Akram Boukai, University of California - Berkeley

If the entire Arabian Peninsula were a swimming pool of oil 1 meter deep, its oil supply would be exhausted in 600 years at the current rate of oil consumption.  In comparison, the world’s largest oil field, in Saudi Arabia, would be completely depleted of oil in only 2 years, if it were the world’s only source of oil.  Clearly an energy economy that depends solely on oil and coal is not sustainable in the long term especially if global warming concerns are to be believed.  Fortunately, the sun can provide all of earth’s energy needs and has a nearly inexhaustible supply of energy that will endure for over 1.5 billion years.  Thermoelectrics and photovoltaics are able to utilize the sun’s energy and do not pollute.

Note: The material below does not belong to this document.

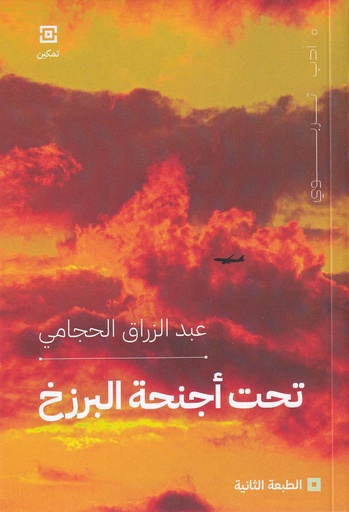 تحت أجنحة البرزخ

Thermoelectrics and photovoltaics utilize temperature differences and photons to provide a constant source of DC power respectively.  Their main drawback is their high cost and low efficiency when compared to oil and coal.  In the first part of my talk, I will discuss recent successes we made in increasing the efficiency of a silicon-based thermoelectric device.  We observed a 100-fold improvement in efficiency using silicon nanowires over bulk.  The improvements originate from phonon effects at the nanoscale.  In the second part of my talk, I will discuss our recent work on low cost photovoltaics.  I will show how improvements in the collection of photogenerated carriers will allow for efficient photovoltaics based on metallurgical-grade silicon.  These devices will have comparable efficiencies to those of high-purity silicon photovoltaics but will be cheap as sand figuratively and literally.